Just don't understand why it's just a very few people who have this problem.


----------



## spyder (28 Nov 2011)

bjorn said:
			
		

> What do you mean with full? It's a external diffuser, water does go back into it if you switch co2 off for a while.


I was reffering to the Co2 cylinder itself, the gas. is it full? Do you have full one to test?  

If you have a spare reg it may also be worth trying it out.


----------



## bjorn (28 Nov 2011)

spyder said:
			
		

> bjorn said:
> 
> 
> 
> ...



Oh right. Yes, It's full. Just swapped it as the old one was empty.

I did swap regulator a week ago because I originally thought it must be something wrong with it. Have same problem on both regulators. It could be that both are over-sensitive and the pressure is too much when switched off.. or something. I'm hoping to get a new one in a month or two from the US but until then I won't be swapping it.

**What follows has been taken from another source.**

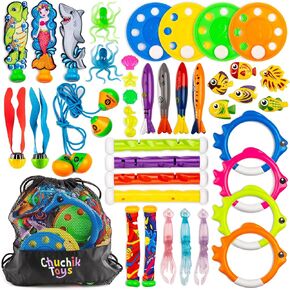 Chuchik 30 Pcs Diving Toys, Swimming Pool Toys for Kids Ages 4-8 8-12 with a Storage Net Bag. Pool Dive Toys for Kids. Pool Games, Swim Summer Water Toys. Include Diving Sticks & Pool Rings
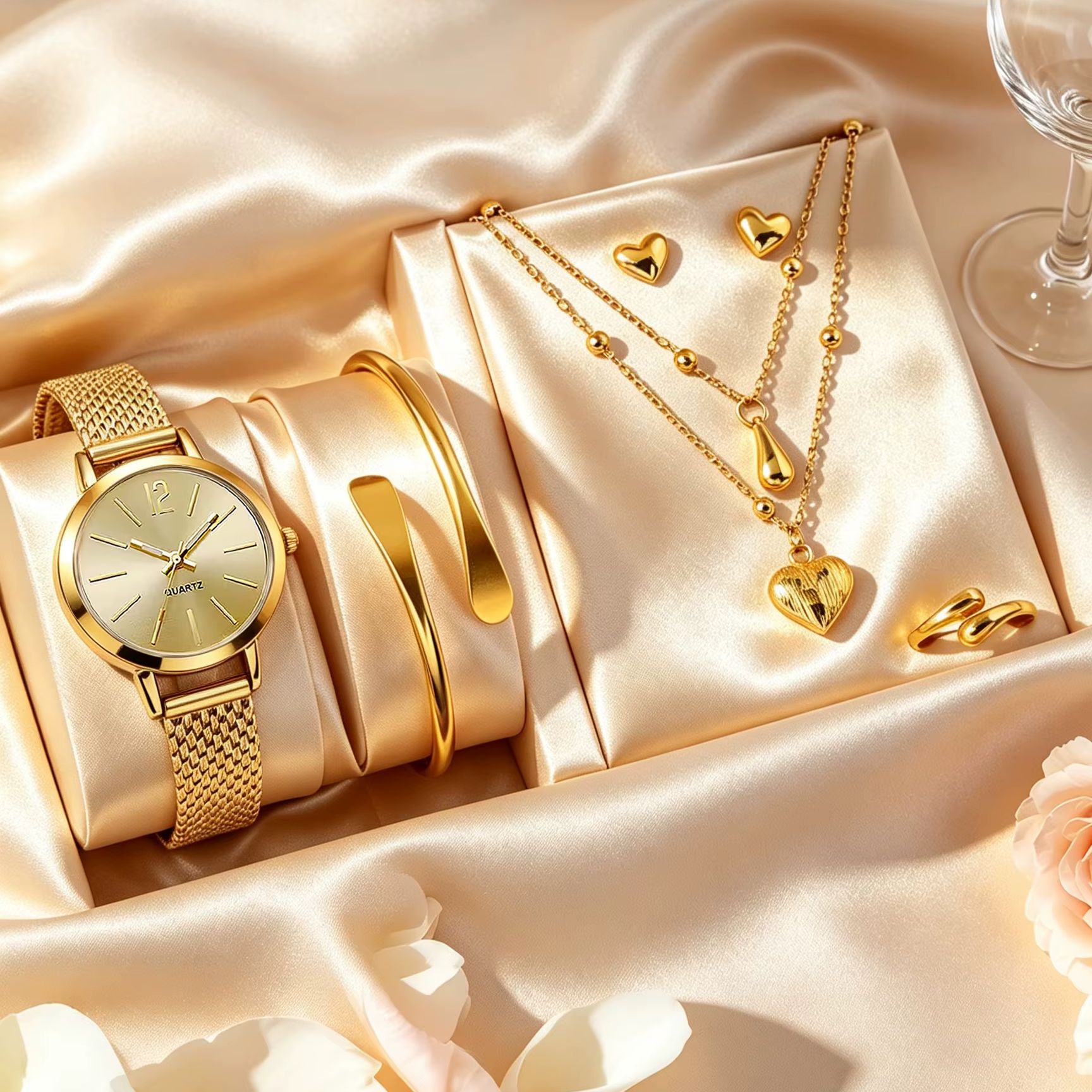 Dameshorloge- en sieradenset v - Wedding Package Gold recensie en prijs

For now I'll have to keep CO2 on 24/7, only way I can use it.


----------



## bjorn (2 Dec 2011)

Just a note.

I raised the pressure to 4 BAR which seems to be the magic number. It now does recover back to the bubble rate I set the previous day. Still takes a long time though (8 hours). I have to have it switch on at 03:00 for lights on at 11:00. But at least it saves some Co2 and now works.


----------



## spyder (3 Dec 2011)

That is a long time for it to get started. I get mist within a few minutes of the solenoid kicking in.


----------



## foxfish (3 Dec 2011)

My advice would be to chuck the useless thing in the bin - it has been giving you trouble for over a month, hundreds of folk use these devises without any problems so we must assume it is knackered!!


----------